** Aim of the task **
In the reply, include exactly the lines of the entries below from the first to the line with "Drummond Cottage |", that line included.

** Task input **
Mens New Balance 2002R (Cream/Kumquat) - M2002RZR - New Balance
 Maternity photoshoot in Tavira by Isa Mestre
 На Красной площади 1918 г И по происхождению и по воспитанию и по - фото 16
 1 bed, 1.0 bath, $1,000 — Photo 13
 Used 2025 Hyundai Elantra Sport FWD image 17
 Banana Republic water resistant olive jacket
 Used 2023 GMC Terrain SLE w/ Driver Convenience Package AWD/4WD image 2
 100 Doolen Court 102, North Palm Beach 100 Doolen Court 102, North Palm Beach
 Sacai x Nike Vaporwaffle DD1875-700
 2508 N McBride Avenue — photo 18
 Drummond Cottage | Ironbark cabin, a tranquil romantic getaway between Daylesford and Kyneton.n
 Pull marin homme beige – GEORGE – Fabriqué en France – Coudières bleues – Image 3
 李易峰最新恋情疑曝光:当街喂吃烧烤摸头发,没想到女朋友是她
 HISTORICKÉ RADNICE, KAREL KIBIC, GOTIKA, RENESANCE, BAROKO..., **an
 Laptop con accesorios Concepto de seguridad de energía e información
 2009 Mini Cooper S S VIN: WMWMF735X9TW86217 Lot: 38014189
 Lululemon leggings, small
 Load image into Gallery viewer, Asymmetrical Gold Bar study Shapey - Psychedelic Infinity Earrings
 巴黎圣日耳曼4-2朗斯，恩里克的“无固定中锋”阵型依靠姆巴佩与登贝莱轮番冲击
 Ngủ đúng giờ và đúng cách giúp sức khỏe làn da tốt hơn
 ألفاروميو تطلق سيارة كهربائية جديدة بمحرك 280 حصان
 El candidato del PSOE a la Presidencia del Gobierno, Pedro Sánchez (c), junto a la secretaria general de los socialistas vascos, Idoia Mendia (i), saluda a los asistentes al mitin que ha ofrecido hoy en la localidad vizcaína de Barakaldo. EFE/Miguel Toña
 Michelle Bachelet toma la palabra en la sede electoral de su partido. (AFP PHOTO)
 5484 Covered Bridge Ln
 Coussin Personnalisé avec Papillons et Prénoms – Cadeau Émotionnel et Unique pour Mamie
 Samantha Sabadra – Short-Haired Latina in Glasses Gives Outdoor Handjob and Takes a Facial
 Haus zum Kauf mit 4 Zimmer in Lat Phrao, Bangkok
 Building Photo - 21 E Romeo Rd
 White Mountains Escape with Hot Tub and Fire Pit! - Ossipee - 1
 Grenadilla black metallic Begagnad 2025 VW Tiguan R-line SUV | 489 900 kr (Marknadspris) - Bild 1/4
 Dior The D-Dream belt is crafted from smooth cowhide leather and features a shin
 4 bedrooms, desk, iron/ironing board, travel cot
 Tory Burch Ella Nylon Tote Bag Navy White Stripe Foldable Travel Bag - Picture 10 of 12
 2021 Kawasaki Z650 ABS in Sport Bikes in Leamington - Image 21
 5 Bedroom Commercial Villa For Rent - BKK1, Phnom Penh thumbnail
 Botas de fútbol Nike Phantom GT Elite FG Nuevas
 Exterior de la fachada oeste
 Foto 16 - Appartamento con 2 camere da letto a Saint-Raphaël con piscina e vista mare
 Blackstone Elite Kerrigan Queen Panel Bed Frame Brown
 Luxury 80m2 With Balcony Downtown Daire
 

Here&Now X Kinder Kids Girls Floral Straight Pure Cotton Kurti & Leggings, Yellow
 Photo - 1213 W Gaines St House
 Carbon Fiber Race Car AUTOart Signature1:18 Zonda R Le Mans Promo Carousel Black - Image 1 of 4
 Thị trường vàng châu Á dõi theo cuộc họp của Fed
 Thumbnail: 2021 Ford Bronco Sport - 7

** Solution for this problem **
Mens New Balance 2002R (Cream/Kumquat) - M2002RZR - New Balance
 Maternity photoshoot in Tavira by Isa Mestre
 На Красной площади 1918 г И по происхождению и по воспитанию и по - фото 16
 1 bed, 1.0 bath, $1,000 — Photo 13
 Used 2025 Hyundai Elantra Sport FWD image 17
 Banana Republic water resistant olive jacket
 Used 2023 GMC Terrain SLE w/ Driver Convenience Package AWD/4WD image 2
 100 Doolen Court 102, North Palm Beach 100 Doolen Court 102, North Palm Beach
 Sacai x Nike Vaporwaffle DD1875-700
 2508 N McBride Avenue — photo 18
 Drummond Cottage | Ironbark cabin, a tranquil romantic getaway between Daylesford and Kyneton.n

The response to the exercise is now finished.